* **What you will do**: All lines in the records below from the line with "A Group of Women" through the line with "Leitz NeXXt Recycle" are to be given again exactly, both ends included; the pictures are to be left out.

* **Dataset content**:

————————

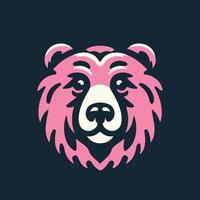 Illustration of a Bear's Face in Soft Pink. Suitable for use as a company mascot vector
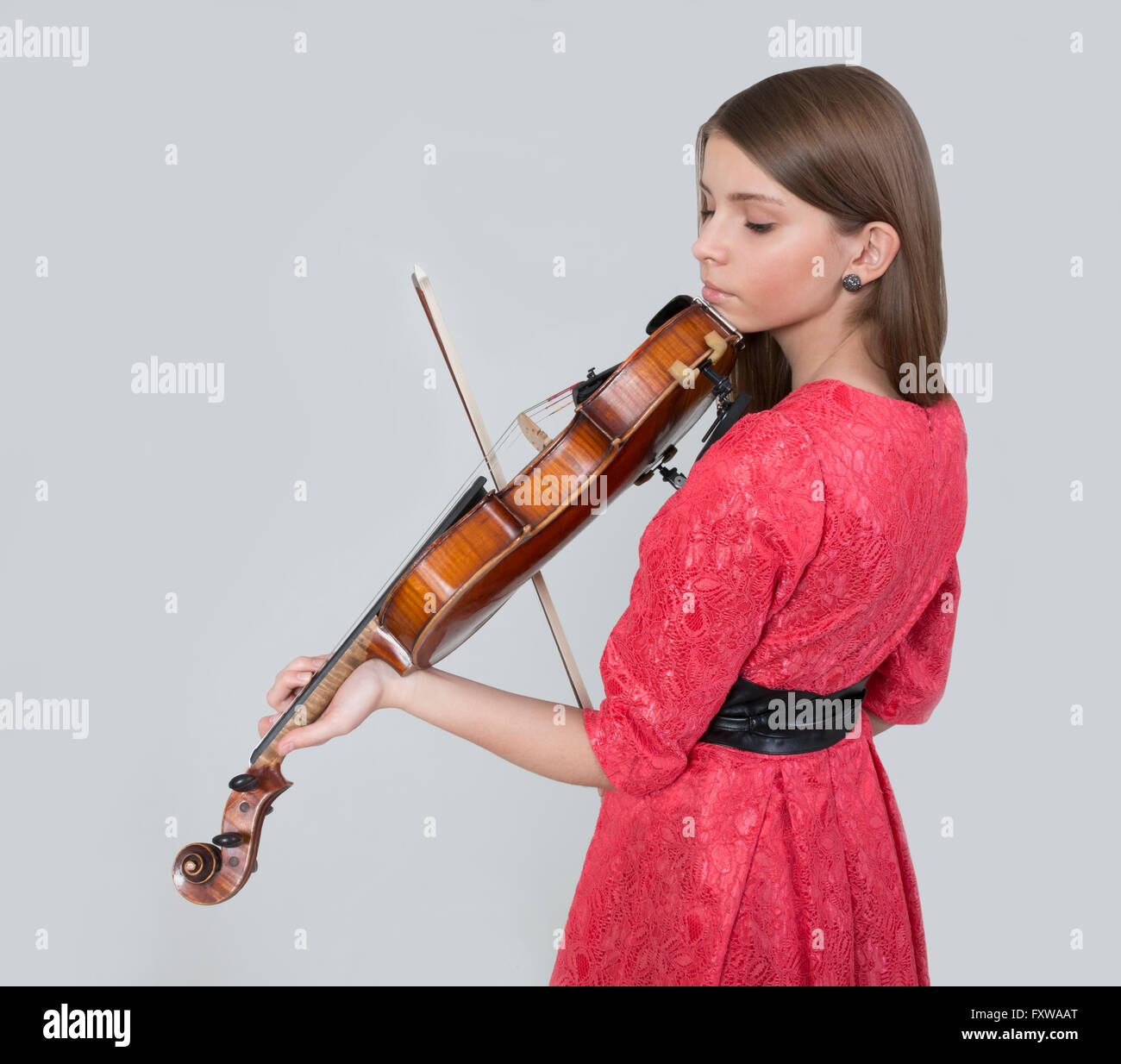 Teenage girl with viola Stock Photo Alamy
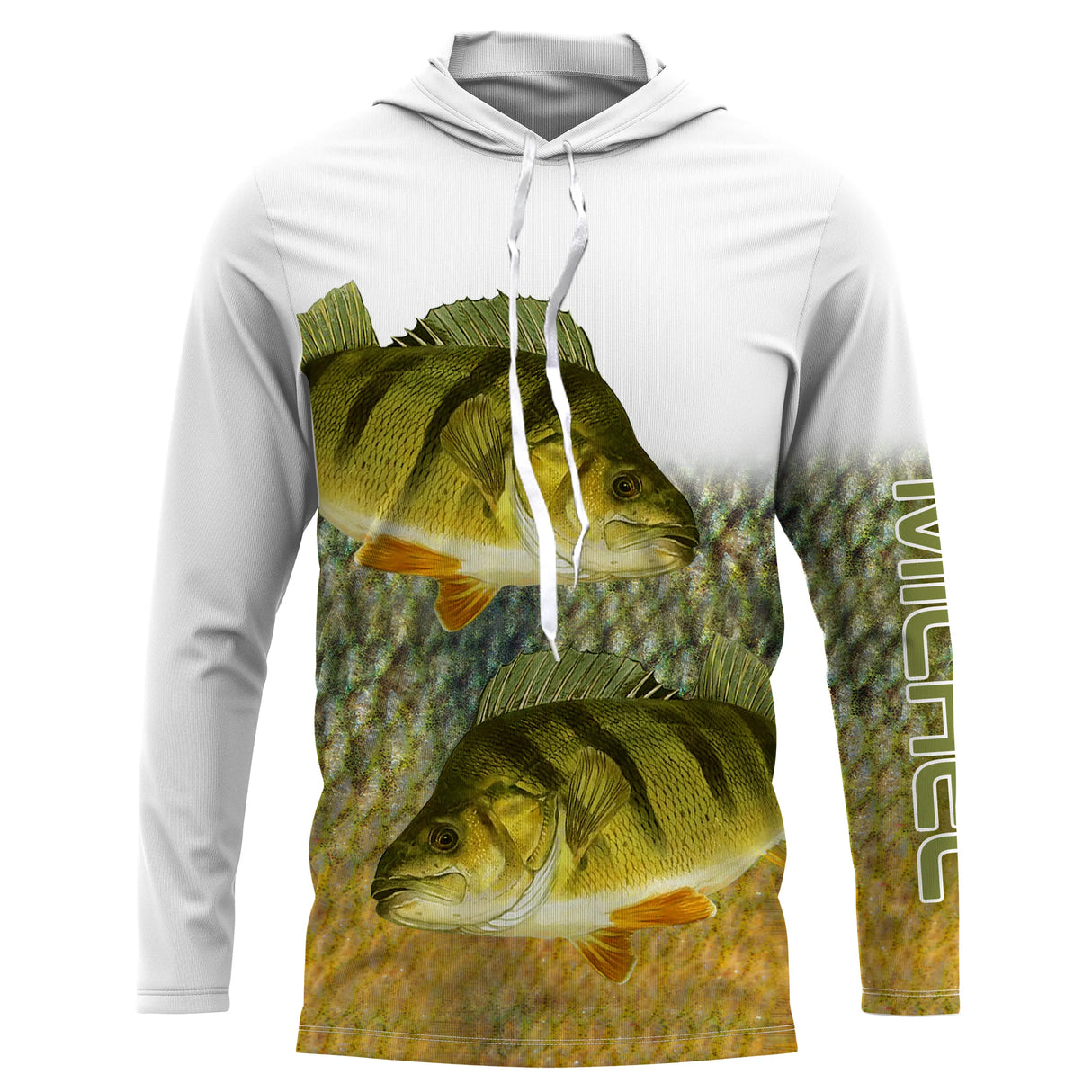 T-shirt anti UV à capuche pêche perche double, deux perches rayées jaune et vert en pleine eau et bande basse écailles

————————

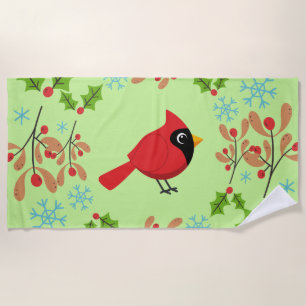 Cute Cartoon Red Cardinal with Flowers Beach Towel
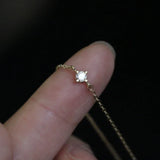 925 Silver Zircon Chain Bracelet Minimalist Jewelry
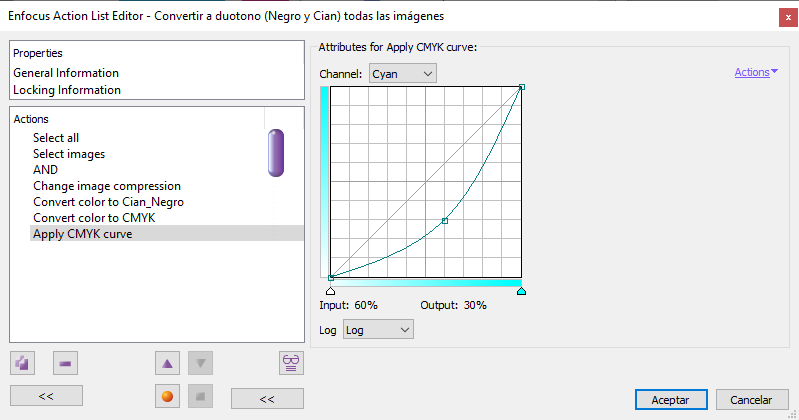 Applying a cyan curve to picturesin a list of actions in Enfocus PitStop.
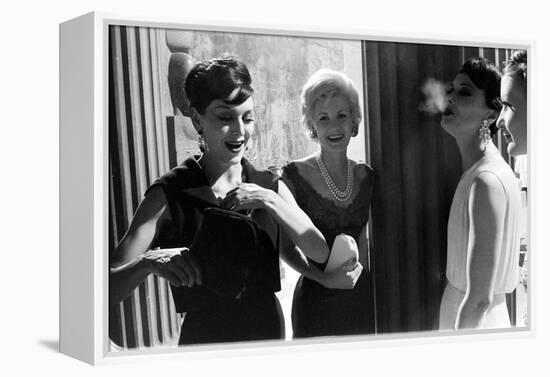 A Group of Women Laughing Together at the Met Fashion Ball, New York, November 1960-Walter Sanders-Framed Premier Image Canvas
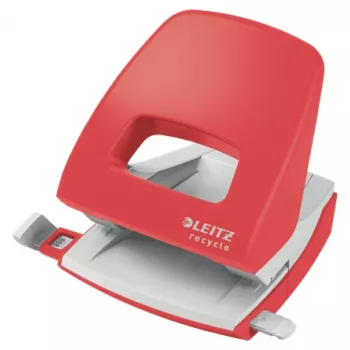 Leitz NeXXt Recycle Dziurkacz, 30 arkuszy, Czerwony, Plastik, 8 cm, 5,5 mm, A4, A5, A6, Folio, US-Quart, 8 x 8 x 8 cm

————————

* **Exercise answer**:
 A Group of Women Laughing Together at the Met Fashion Ball, New York, November 1960-Walter Sanders-Framed Premier Image Canvas
 Leitz NeXXt Recycle Dziurkacz, 30 arkuszy, Czerwony, Plastik, 8 cm, 5,5 mm, A4, A5, A6, Folio, US-Quart, 8 x 8 x 8 cm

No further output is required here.